Mehdi raised a valid question: “Who stopped people from Jammu from buying land in Kashmir even before August 5? As permanent residents, they were lawfully entitled to buy land in the Valley, but the fact is they did not as the Valley’s climate is not salubrious for settlement.”

Senior journalist Anuradha Bhasin too believes that the Centre is taking Jammu for a ride to suit its political agenda. In an article published in The Hindu titled “Jammu, the pawn of the Kashmir chessboard”, she said: “Jammu’s youth are worried that they may lose their jobs and educational seats to the new ‘domiciles’.” Shedding light on the BJP-RSS’ machinations in Jammu and Kashmir, she noted: “Jammu has long suffered in terms of a political vacuum, which has also deepened the sense of discrimination. Its political significance in national politics has been only to serve as a prop in the hands of New Delhi to counter the Kashmir narrative or to strengthen internationalist politics. Now, with the administrative project of integration achieved and Kashmir’s politics stepping down into virtual servitude, Jammu’s political worth has further diminished.”

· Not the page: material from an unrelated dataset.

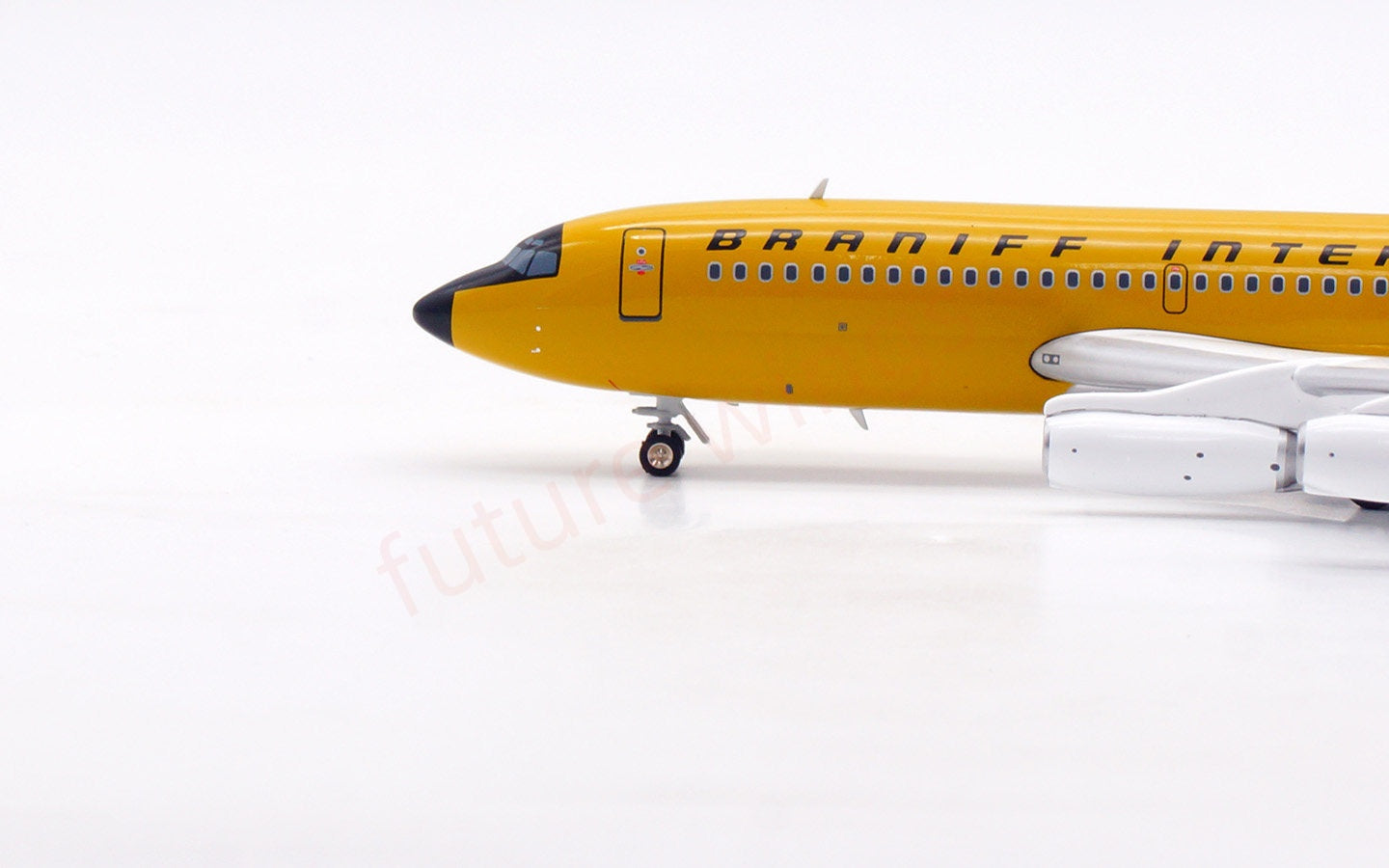1:200 InFlight200 Braniff International B720 N7077 Diecast Aircraft Model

On a similar note, Tarigami said: “The [Narendra] Modi government clearly lacks an institutional view and suffers from conceptual disarray, which makes it blind with regard to the essence of constitutional commitments when it comes to it dealing with Jammu and Kashmir. The government continues to concentrate on issues which are detrimental to the interests the people of Jammu and Kashmir.”

The signs of it are already coming. A newly active terror network called The Resistance Front has issued threats to the likely settlers. On online messaging platforms, the group alleged that the government intended to settle “RSS fascists” in Kashmir and that any Indian who settled in Kashmir would be treated as “an RSS agent”. Last year, following the abrogation of Jammu and Kashmir’s semi-autonomous status, there was a spate of attacks on migrant workers in Kashmir. Political experts are of the view that New Delhi’s “political incursions” in the Kashmir Valley will fuel the cycles of violence.